Your best bet is to head to Galloping Ghost Arcade in Brookfield, Illinois. It’s the largest video game arcade in the US, with over 850 games – one of which is an R360. The owner, Doc Mack, thinks that aside from the rumoured machines in Estonia, Galloping Ghost has the only R360 in the world that’s playable by the general public. “We acquired ours from Kevin Keinert,” he says. “We had discussed the deal on and off for close to 8 years. It was for our 10th year anniversary. Kevin was very generous in working with us to make it all happen! He very much wanted to have one where people could enjoy it.”
Naturally, this rare machine has caused quite a stir. “It’s been very popular,” Mack says. “Some people are intimidated to try it. It’s definitely a unique experience. We’ve heard many people say they thought they would never see one in person.” Aside from a few minor repairs, Mack hasn’t had any trouble with the machine since he bought it from Keinert – and thankfully, there’s been no need to fetch an emergency mop. “Everyone always jokes what would happen if someone got sick, but fortunately, it hasn’t happened.”
That’s not quite it for the story of the R360, however. In a surprising but delightful move, Sega released an R360 sequel in 2015 called the R360Z. Much larger than its predecessor, this machine seats two people, and was released with the game Transformers: Human Alliance. The downside? It’s not quite the same as the original R360, where moving the control stick would pivot the cockpit: here, the stick merely moves a target on the screen, and the machine spins and rotates on a preset programme that follows the action of the on-rails shooter. It’s also only available at three Sega Joypolis venues: one in Tokyo, one in Shanghai and one in Qingdao.

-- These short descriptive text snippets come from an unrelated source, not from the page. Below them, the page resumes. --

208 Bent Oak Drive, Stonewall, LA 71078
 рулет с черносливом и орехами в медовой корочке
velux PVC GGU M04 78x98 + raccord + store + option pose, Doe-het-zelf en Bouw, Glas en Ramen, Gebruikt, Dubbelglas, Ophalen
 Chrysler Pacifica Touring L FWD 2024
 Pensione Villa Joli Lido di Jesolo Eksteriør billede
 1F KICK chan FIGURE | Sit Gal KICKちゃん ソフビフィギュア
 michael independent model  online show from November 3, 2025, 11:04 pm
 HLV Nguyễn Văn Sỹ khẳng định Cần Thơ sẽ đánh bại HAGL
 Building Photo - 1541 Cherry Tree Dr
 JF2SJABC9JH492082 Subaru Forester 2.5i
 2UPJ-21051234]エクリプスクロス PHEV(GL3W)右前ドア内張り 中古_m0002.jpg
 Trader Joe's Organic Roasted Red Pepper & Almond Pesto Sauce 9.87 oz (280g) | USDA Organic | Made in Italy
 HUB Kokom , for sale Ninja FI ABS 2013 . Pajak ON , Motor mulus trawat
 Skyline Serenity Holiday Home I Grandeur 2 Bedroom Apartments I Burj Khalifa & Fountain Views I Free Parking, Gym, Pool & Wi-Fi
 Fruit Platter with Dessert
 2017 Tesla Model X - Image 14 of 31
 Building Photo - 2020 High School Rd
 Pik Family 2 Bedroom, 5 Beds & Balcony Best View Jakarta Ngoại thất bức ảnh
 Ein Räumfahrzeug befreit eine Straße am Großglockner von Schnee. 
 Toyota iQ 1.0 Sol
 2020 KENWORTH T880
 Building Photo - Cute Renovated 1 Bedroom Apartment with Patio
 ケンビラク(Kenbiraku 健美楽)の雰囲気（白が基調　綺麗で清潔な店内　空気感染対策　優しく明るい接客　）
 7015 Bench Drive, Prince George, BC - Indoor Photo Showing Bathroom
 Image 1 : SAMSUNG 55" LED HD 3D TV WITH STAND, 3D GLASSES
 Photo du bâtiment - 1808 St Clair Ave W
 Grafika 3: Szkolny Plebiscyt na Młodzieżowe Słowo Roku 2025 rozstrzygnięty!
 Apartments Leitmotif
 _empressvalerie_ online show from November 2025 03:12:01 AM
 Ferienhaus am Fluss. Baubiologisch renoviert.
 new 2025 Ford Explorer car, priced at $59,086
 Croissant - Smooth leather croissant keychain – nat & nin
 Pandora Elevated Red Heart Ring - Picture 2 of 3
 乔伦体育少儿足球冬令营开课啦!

But the legacy of the R360 lives on with a Brazilian company called Motion Sphere. They offer a series of spherical motorbike, car and flight simulators that bear a striking resemblance to the old R360, and this year they even announced a Star Wars Sphere that lets you play the Beggar’s Canyon mission from Star Wars: Battlefront. Plus, the AT 360 from Enterideas is essentially the R360 for the VR age, featuring an almost identical-looking chassis but with the addition of VR goggles to simulate a rollercoaster ride.
It just goes to show you can’t keep a good idea down.